SUPPLIED ENTRIES
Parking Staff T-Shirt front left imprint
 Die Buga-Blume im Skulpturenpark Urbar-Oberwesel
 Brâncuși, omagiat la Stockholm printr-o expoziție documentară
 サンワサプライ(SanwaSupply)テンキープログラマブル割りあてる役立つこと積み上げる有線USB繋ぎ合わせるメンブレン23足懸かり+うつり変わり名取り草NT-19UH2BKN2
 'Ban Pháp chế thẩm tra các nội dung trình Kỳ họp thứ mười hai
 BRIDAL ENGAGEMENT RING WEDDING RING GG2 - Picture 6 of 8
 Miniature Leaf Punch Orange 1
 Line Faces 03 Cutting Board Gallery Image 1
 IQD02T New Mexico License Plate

ASSIGNMENT
Set down every entry once more, exactly as it was written above.

EXERCISE RESPONSE
Parking Staff T-Shirt front left imprint
 Die Buga-Blume im Skulpturenpark Urbar-Oberwesel
 Brâncuși, omagiat la Stockholm printr-o expoziție documentară
 サンワサプライ(SanwaSupply)テンキープログラマブル割りあてる役立つこと積み上げる有線USB繋ぎ合わせるメンブレン23足懸かり+うつり変わり名取り草NT-19UH2BKN2
 'Ban Pháp chế thẩm tra các nội dung trình Kỳ họp thứ mười hai
 BRIDAL ENGAGEMENT RING WEDDING RING GG2 - Picture 6 of 8
 Miniature Leaf Punch Orange 1
 Line Faces 03 Cutting Board Gallery Image 1
 IQD02T New Mexico License Plate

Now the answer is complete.